I took part in many local and international exhibitions happening in my home town – Tashkent. Mostly I feel really comfortable doing paintings. I enjoy playing with bright colors and mixing acrylics with watercolor and charcoal, pencils and pastels. But sometimes when I have enough courage I do experiment with different medium. Like for example, I worked on a series of video installations. 
For my art residency program I came with a project which covers the topic of cotton textile industry through feminism. I would love to deep my research about the working environments for women at SPINNEREI when it was functioning as a cotton mill factory. "
LIA Portraits w/ Mohira Mullyadjanova
Jack Wotton is an artist and PhD candidate at Sydney College of the Arts, USYD. His practice explores the possibilities of communicating the experience of disaster through quiet approaches. Following this mode Jack works across multiple disciplines including sound, photography, film, and performance, drawing from his personal experience of the 2020 Australian Bushfires. His practice attempts to reveal the disquiet of an inner catastrophe and a fracturing of the self. The idea of multiple selves is explored through another side of Jack’s practice with his band The Wünderz. He has franchised the band into multiple groups who play the same songs and wear the same outfits during performances billed as The Wünderz. Jack looks to continue and expand his work at LIA.

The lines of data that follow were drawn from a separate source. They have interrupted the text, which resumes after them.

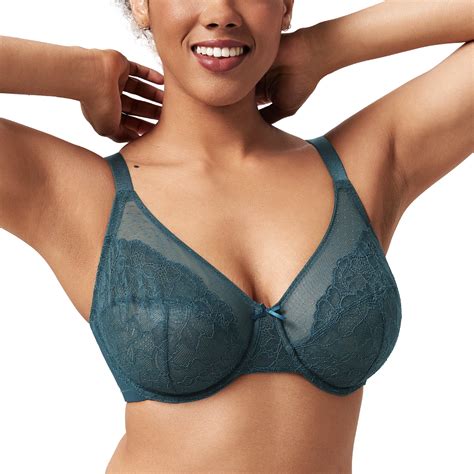 HSIA Women's Full Coverage Back Fat Underwire Unlined Bras,Balsam Blue ...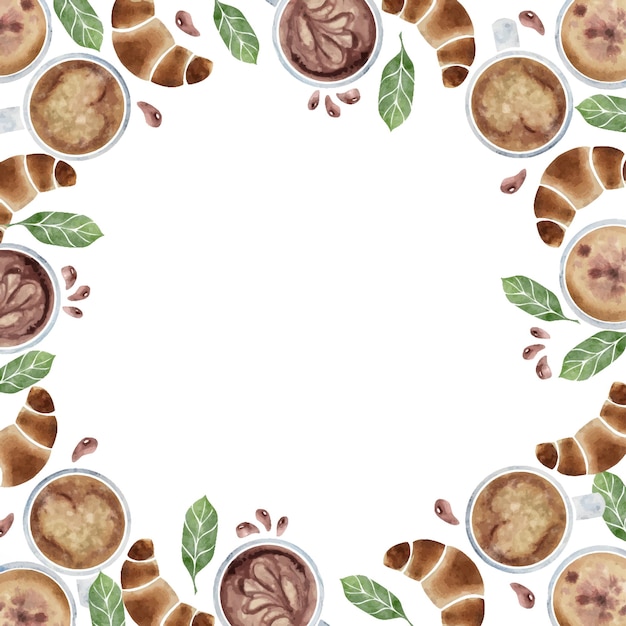 Watercolor hand drawn circle frame wreath with capuccino coffee cups leaves beans croissants Isolated on white background For invitations cafe restaurant food menu print website cards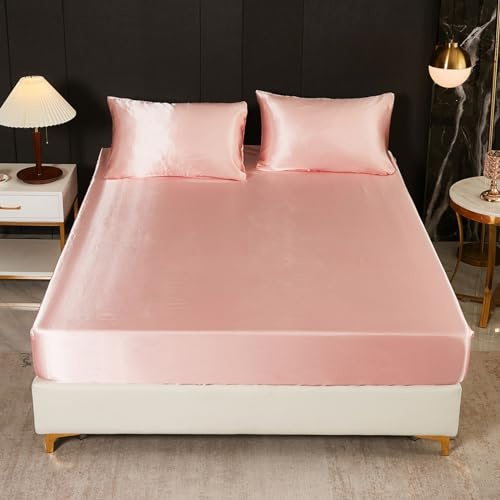 Freyamy Spannbettlaken 200x200cm Rosa Satin Luxus Spannbetttuch Unifarben Seide Glänzend Spannbetttücher Uni Seidig Glatt Sommer Spannleintuch Bettlaken für bis 25-35cm Matraze Spannbetttücher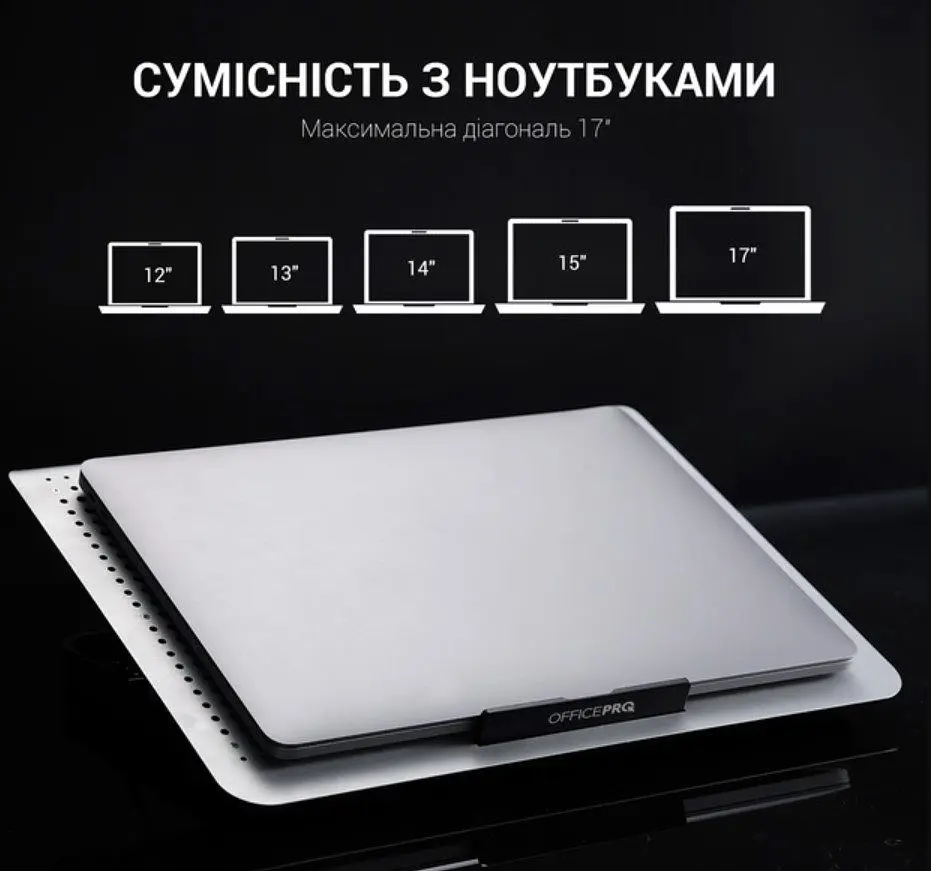 Охолоджувальна підставка для ноутбука до 17 дюймів OfficePro OPCP-620 2xUSB 6xfans - фото 6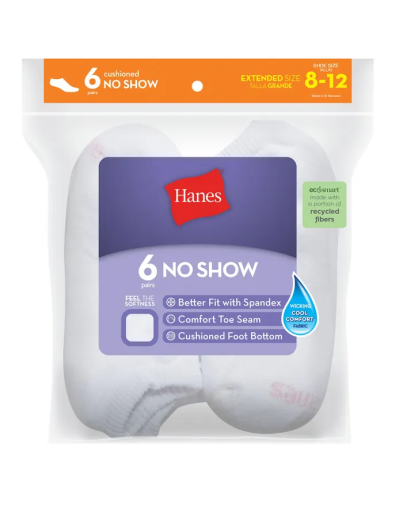 hanes women's no-show socks, moisture-wicking, extended sizes 8-12, 6-pairs women hanes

LIA Portraits w/ Jack Wotton
“My work is very self-introspective,  despite the fact that I am rarely the subject matter. I look for myself in others and try to piece together that which I am not with what I am. Although my inspiration is drawn from the external world, I want to highlight the importance of perception and expression when it comes to the manner in which external stimuli affect the internal mechanisms that define us as individuals. It is not the world that defines me, but how I know the world. The nuances in every interaction, the flow of a line on a paper or canvas, and the choices behind a seemingly instinctive gesture. 
The duality of existence: the good, the bad; the beautiful, the ugly; the spoken, the unspoken. These are concepts I define as an amalgamation of personal experiences- the expression of the proximal aspects of the self converging with the distal aspects of being. At the end of the day, we are a collection of dualities constantly shifting from one end of the spectrum to the other.”